Topple Track Apologizes After Attempting to DMCA the EFF

Anti-Piracy outfit Topple Track has been put on the defence after issuing a DMCA notice to take down a web page from the EFF.

Copyright enforcement as a way to censor criticism has long been a problem online. Exacerbating the issue is automated DMCA notices filed to delist pages on Google. Whether filed correctly or incorrectly typically means little to so-called “anti-piracy” outfits who use bots to automatically scan the Internet and take down content.

When a producer has a DMCA notice filed against him, what often happens is that that producer has no resources to really fight it. Sometimes, they wind up shutting down without anyone knowing their story. A lucky few small time producers are able to make enough noise that some media outlets take notice. In those cases, sometimes the DMCA notice is withdrawn out of embarrassment. Regardless, it is a difficult thing to really fight against no matter how right you really are when you do not have the proper resources at your fingertips.

In this particular case, this is no small time producer with no proper resources at their fingertips.

A DMCA notice was filed to take down a link on the Electronic Frontier Foundation (EFF). The link in question lead to information regarding an old copyright court case. Additionally, there is absolutely no evidence to suggest that the “anti-piracy” organization had any right to take it down in the first place. So, what wound up happening was that Topple Track was effectively taking a baseball bat and hitting every random tree branch in the forest and wound up hitting a bee hive.

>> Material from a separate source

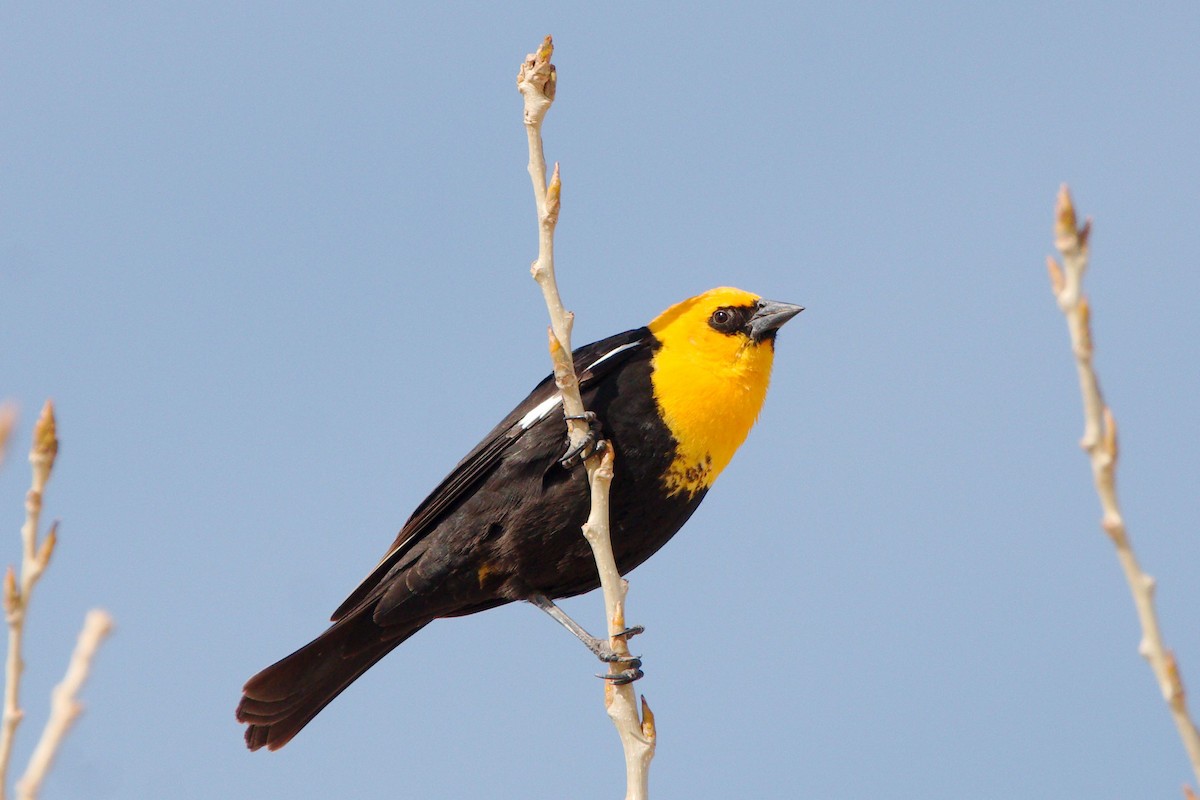 Yellow-headed Blackbird - ML550301861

In response, the EFFs in-house legal team publicly posted about the case and named and shamed Topple Track (as well as parent company Symphonic Distribution) for their actions in this case. As word got around, Symphonic Distribution retreated, stating that there was a bug in their search algorithms that didn’t white-list certain domains. As a result, they issued retraction notices to Google.

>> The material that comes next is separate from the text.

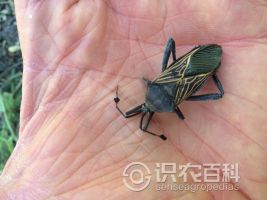 柑橘黄叶症状示例0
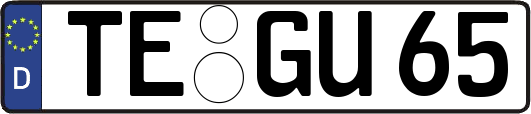 TE-GU65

The EFF pointed out that more often then not, automated systems have been notorious for false DMCA notices and pointed to this as yet another example of DMCA notices going wrong. They even went so far as to point out that this is not a one-off incident for Topple Track:

Topple Track’s recent DMCA takedown notices target so much speech it is difficult to do justice to the scope of expression it has sought to delist. A sample of recent improper notices can be found here, here, here, and here. Each notice asks Google to delist a collection of URLs. Among others, these notices improperly target:

– EFF’s case page about EMI v MP3Tunes
– The authorized music store on the official homepage of both Beyonce and Bruno Mars
– A fundraising page on the Minneapolis Foundation’s website
– The Graceland page at Paul Simon’s official website
– A blog post by Professor Eric Goldman about the EMI v MP3Tunes case
– A Citizen Lab report about UC Browser
– A New Yorker article about nationalism and patriotic songs

In response to all of this, Google confirmed to the EFF that Topple Track was removed from their Trusted Copyright Removal Program:

Google has confirmed that it has removed Topple Track from its Trusted Copyright Removal Program membership due to a pattern of problematic notices.

So, even though Topple Track tried to dig themselves out of the hole they found themselves in, the damage was already done.

If anything at all, this represents one of the latest blows to the credibility of automated DMCA takedowns. It also raises valid questions about whether or not there are repercussions for filing false DMCA notices and whether or not more needs to be done to stop false notices. Finally, it highlights yet again how copyright takedown notices can, in fact, unfairly restrict free speech online. After all, this is a very clear cut example of how DMCA notices can go seriously wrong in the first place.

Sadly, this likely won’t be the last DMCA-gone-wrong story we’ll hear. We’ll continue to hear about these until something is done to fix the problem. Unfortunately, there is no indication that this will happen any time soon.